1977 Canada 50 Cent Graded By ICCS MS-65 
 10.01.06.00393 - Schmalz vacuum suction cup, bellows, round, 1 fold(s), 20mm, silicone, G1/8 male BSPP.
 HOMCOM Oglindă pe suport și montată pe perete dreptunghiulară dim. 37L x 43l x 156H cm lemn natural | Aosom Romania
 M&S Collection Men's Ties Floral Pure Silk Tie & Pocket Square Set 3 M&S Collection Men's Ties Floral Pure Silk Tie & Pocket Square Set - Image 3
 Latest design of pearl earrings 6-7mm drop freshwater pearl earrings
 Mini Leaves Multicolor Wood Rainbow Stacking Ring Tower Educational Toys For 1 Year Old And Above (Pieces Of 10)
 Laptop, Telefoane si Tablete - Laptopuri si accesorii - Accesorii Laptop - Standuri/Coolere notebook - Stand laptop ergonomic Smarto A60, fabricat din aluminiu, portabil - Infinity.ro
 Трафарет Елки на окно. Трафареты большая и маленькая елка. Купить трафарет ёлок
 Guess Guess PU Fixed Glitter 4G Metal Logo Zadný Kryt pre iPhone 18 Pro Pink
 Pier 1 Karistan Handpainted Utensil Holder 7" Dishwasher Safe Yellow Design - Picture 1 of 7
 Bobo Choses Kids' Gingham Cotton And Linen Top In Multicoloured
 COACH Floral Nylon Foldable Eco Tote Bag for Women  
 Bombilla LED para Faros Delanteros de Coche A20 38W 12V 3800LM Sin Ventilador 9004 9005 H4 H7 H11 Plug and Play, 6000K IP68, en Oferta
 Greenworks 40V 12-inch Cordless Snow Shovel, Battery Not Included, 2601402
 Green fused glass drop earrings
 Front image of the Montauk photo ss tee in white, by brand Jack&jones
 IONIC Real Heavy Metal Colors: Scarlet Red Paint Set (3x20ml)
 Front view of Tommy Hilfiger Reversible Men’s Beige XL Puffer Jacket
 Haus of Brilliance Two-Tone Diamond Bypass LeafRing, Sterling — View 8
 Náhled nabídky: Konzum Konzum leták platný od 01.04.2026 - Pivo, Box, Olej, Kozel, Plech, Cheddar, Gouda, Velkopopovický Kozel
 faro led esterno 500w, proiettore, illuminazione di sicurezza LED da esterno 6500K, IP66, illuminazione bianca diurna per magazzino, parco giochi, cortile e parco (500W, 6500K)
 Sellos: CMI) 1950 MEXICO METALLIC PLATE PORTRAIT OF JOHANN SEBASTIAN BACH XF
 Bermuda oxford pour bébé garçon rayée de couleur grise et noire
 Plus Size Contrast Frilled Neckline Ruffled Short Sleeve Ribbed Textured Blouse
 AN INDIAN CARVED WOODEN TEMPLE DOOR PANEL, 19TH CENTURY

PROBLEM:
Word for word, repeat the lines from the one holding "faro led esterno" through the last line of the entries, both included.

RESPONSE AREA:
 faro led esterno 500w, proiettore, illuminazione di sicurezza LED da esterno 6500K, IP66, illuminazione bianca diurna per magazzino, parco giochi, cortile e parco (500W, 6500K)
 Sellos: CMI) 1950 MEXICO METALLIC PLATE PORTRAIT OF JOHANN SEBASTIAN BACH XF
 Bermuda oxford pour bébé garçon rayée de couleur grise et noire
 Plus Size Contrast Frilled Neckline Ruffled Short Sleeve Ribbed Textured Blouse
 AN INDIAN CARVED WOODEN TEMPLE DOOR PANEL, 19TH CENTURY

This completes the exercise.